| Ellor Street Redevelopment, Pendleton | Professor R H Matthew of Edinburgh University, one of Scotland’s leading consultant architects, has accepted a commission to prepare a master plan for Salford’s Broad Street redevelopment scheme which will cost £9 million. It includes a major re-housing project, reconstruction of a main shopping area, provision for a civic centre and major improvements on the A6. [Guardian 12 April 1961]
Bounded by Broad Street (A6), Cross Lane, Churchill Way and Fitzwarren Street, and centred on Ellor Street, the area was one predominantly of working class housing built in the first half of the nineteenth century which by the 1930s had become synonymous with some of the worst slums in the country. Better known as “Hanky Park,” it was the setting for Walter Greenwood’s novel Love on the Dole (1933) and Shelagh Delaney’s play A Taste of Honey, (1958), as well as one source for L S Lowry’s typical northern landscapes.

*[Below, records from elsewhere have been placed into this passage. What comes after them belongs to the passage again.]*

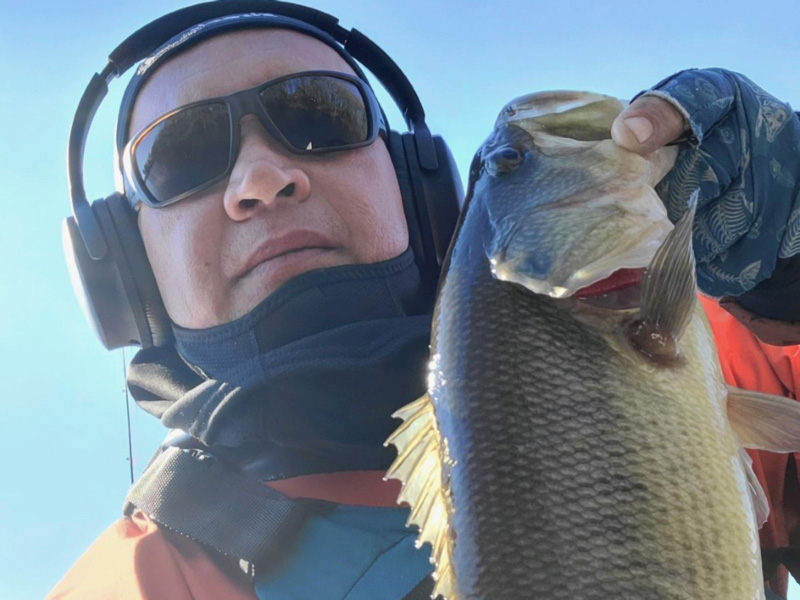 angler with a winter bass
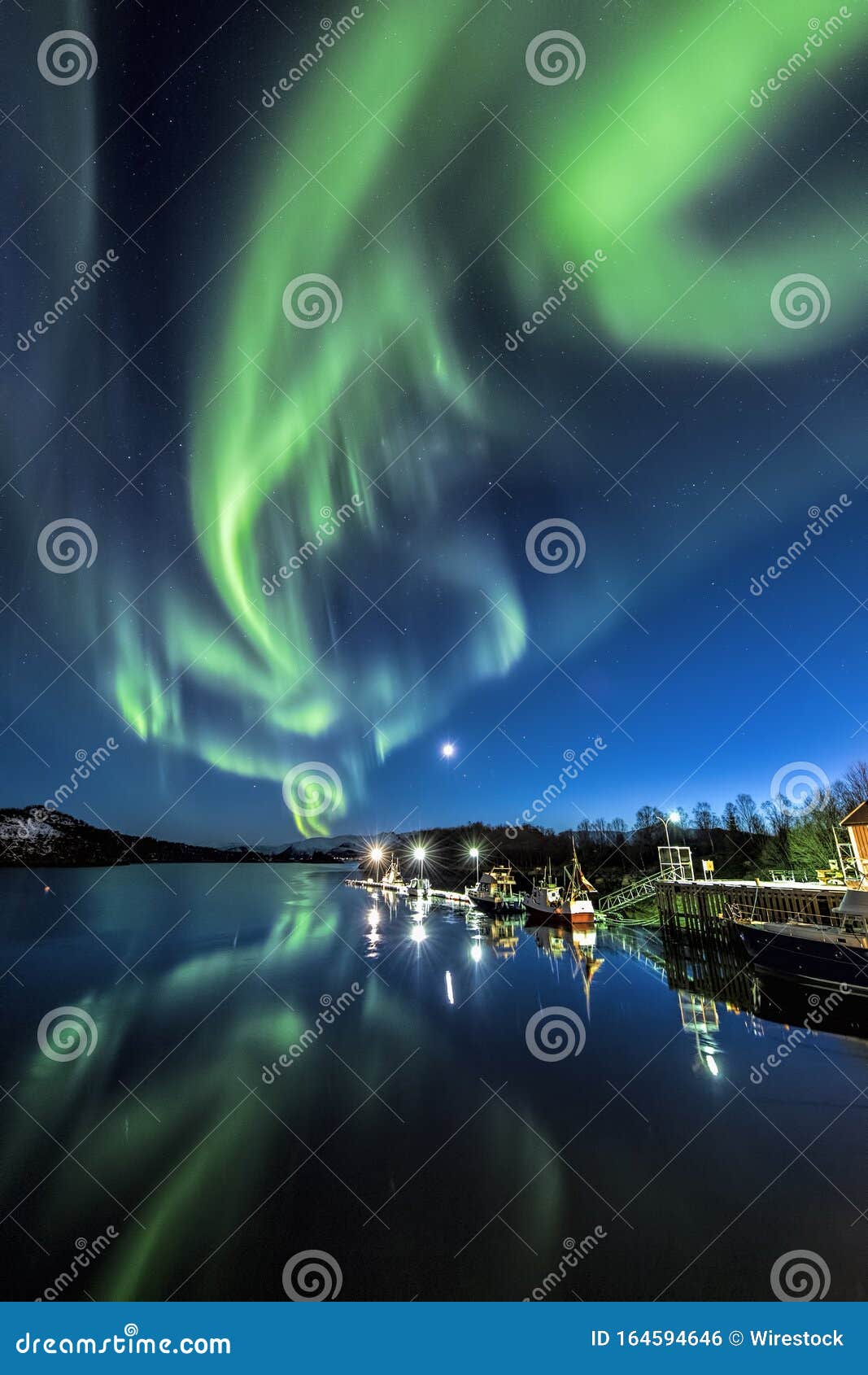 Vertical Shot of the Reflection of the Colorful Northern Lights in the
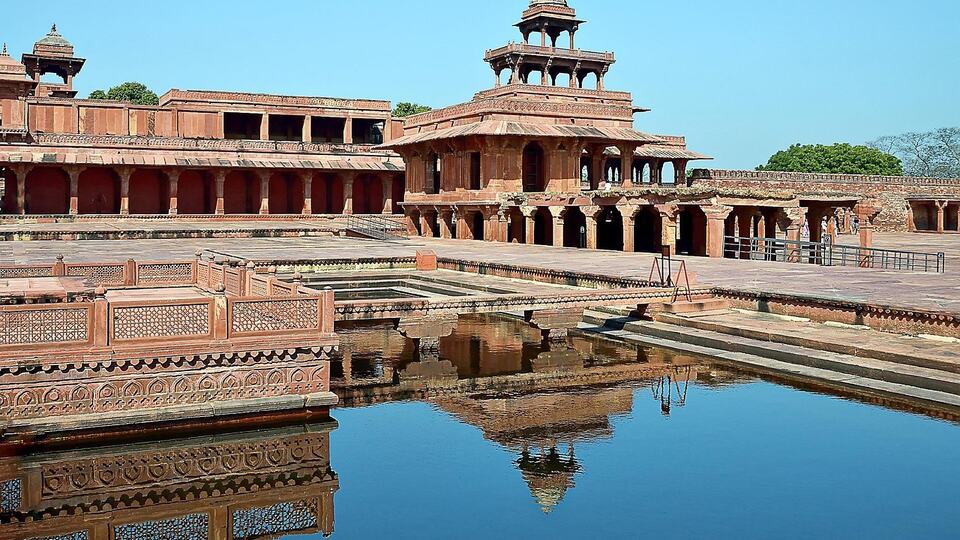 Red sandstone pavilions of Fatehpur Sikri reflected in a palace pool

Desperate to eradicate all traces of the area’s past. the City Council determined upon a scheme of total redevelopment, replacing all the terraces with high-rise blocks by 1968. But while successful in removing the physical evidence, the fiction remained. Only weeks before Matthew’s appointment and the commencement of demolition work, Granada Television broadcast the first episode of Coronation Street on 9 December 1960.
The planned civic centre was not progressed. Following Local Government reorganisation in 1974, Salford Town Hall and Civic Centre was moved to Swinton while the art gallery and theatre was finally built some forty years later as The Lowry at Salford Quays.